Certainly, it was a general message from Powell and his colleagues on the Federal Open Market Committee. In a speech earlier this month with New York economists, Powell insisted that central bankers “do not need to be in a hurry” to “be more clear” about where the Trump administration is heading.
New outlook for GDP, inflation and unemployment
Therefore, the public will be slower through updates the Fed makes to quarterly forecasts on interest rates, gross domestic product, unemployment and inflation. Based on recent data, the Fed could raise its inflation outlook for 2025 (in December it lowered its GDP projection (from 2.1%), while its outlook was 2.5% in both core and headlines). Powell will hold a regular post-meeting press conference.
In the rate question, the Federal Open Market Committee uses a “dot plot” grid of individual member intents.
There is a big discrepancy as to what happens there. The committee can maintain its December outlook for two cuts, removing one or both, or adding another as a concern about a potential slowdown. It seems everything is on the table.
“I think it could be one or zero cut this year, especially if tariffs are stuck,” North said. “I don’t think they’re trying to save the economy by cutting interest rates because they know that if they blow out inflation, they’ll have to go back and start over.”
Economists worry that Trump’s tariffs could rekindle inflation, especially if the president becomes more aggressive after the White House unlocked a global review of the tariff situation on March 2.
According to Macquarie’s global FX and Rate Strategist Thierry Withman, investors are right to worry about the direction the FOMC is set to.
“That worry will be borne by suspicions that the Fed has given up control of macroeconomic policies over the Trump administration and are no longer in charge,” Wizman wrote. “Given current uncertainty and recent rise in inflation expectations, the Fed could show three more interest rate cuts, as well as push two more rate cuts, leaving only one cut at the median 2025 “dots.” ”
There are still two or three cuts in the market
If the Fed decides to stick to two cuts, it is likely that it will only be “to avoid adding to the recent market turbulence,” Goldman Sachs economist David Merriel said in a memo.
The average of major stock markets is hovering around the correctional area. Or it’s down 10% from the high.

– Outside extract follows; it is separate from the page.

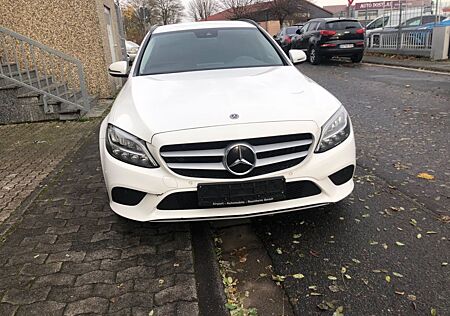 Mercedes-Benz C 220 T d 4Matic,Comand,LED,Standheizung,1.Hand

In the past, under the idea of the “Fed Put”, the market has come to expect central banks to ease their policies in response to market uncertainty. Traders do not expect an initial rate reduction until at least June, and are measuring the possibility of one additional quarterly percentage point easing and about 50-50 chances by the end of the year, according to CME Group’s FEDWATCH FUDS futures pricing measurements.
But it could even be too ambitious, Wisman said.

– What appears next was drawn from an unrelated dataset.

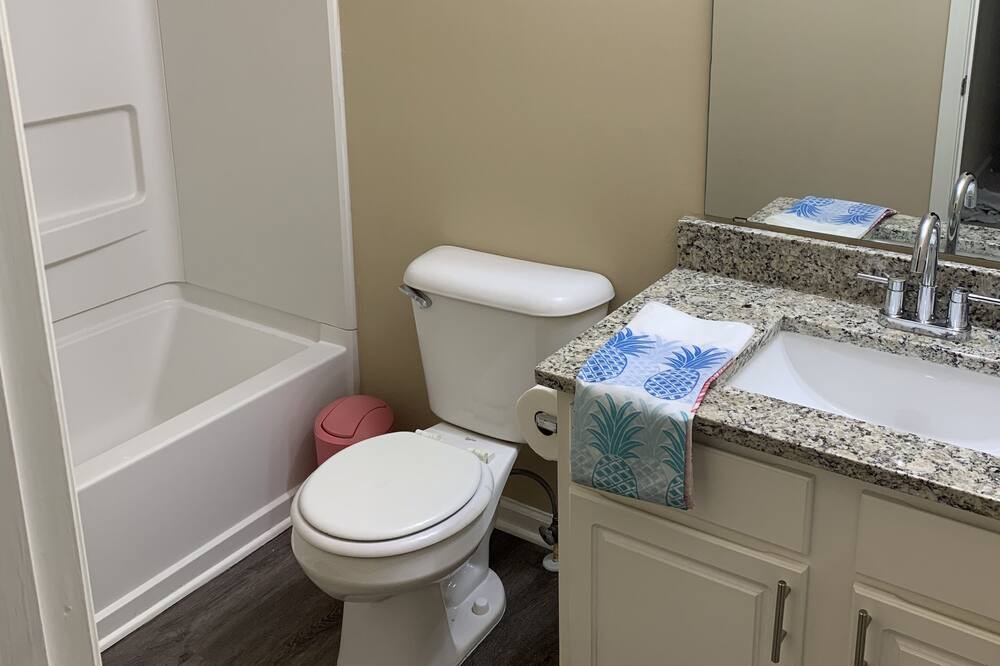 Photo of Bathroom in Union City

“In reality, the market seems too difficult for the Fed, and instead of signaling its own trust to its outlook, the Fed could issue a signal of no confidence. In other words, the FOMC meeting might leave many questions unanswered, like a press conference by Jay Powell.
The committee can also address a “quantitative tightening” program, where each month the establishment of revenue from mature bonds allows the balance sheet to be deployed. The market is widely anticipating that the Fed will close its program later this year, with recent meetings featuring discussions on how it will handle the central bank’s $6.4 trillion Treasury and mortgage-backed securities portfolio.